§ **Data extract**:
::::

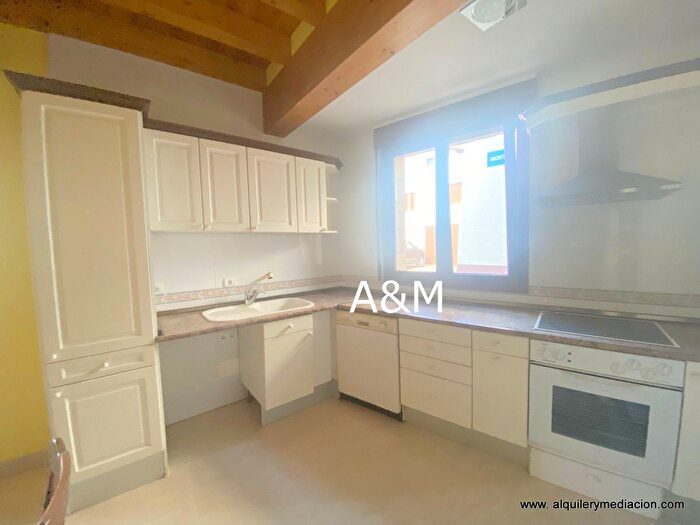 Casas en venta y pisos alquiler - 2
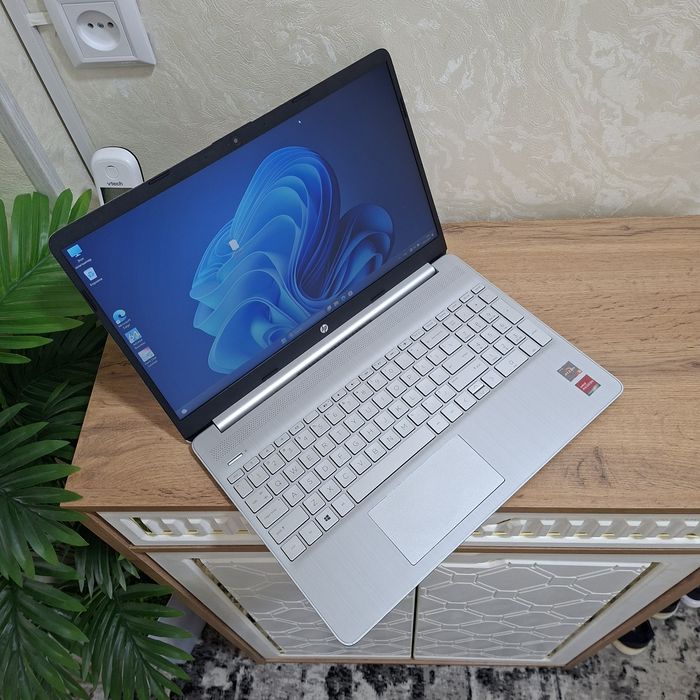 Ryzen 5 - 5500U (Core i5 11-avlod)/ SSD 256 gb/ ОЗУ 8 gb/ Aybi yuq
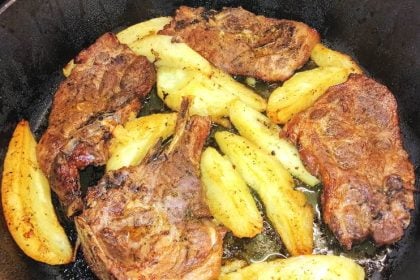 Η καλύτερη μαρινάδα για μπριζόλες με κρασί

::::

§ **Required action**: Hand back the data above exactly, with no images.

§ **Solution**:
 Casas en venta y pisos alquiler - 2
 Ryzen 5 - 5500U (Core i5 11-avlod)/ SSD 256 gb/ ОЗУ 8 gb/ Aybi yuq
 Η καλύτερη μαρινάδα για μπριζόλες με κρασί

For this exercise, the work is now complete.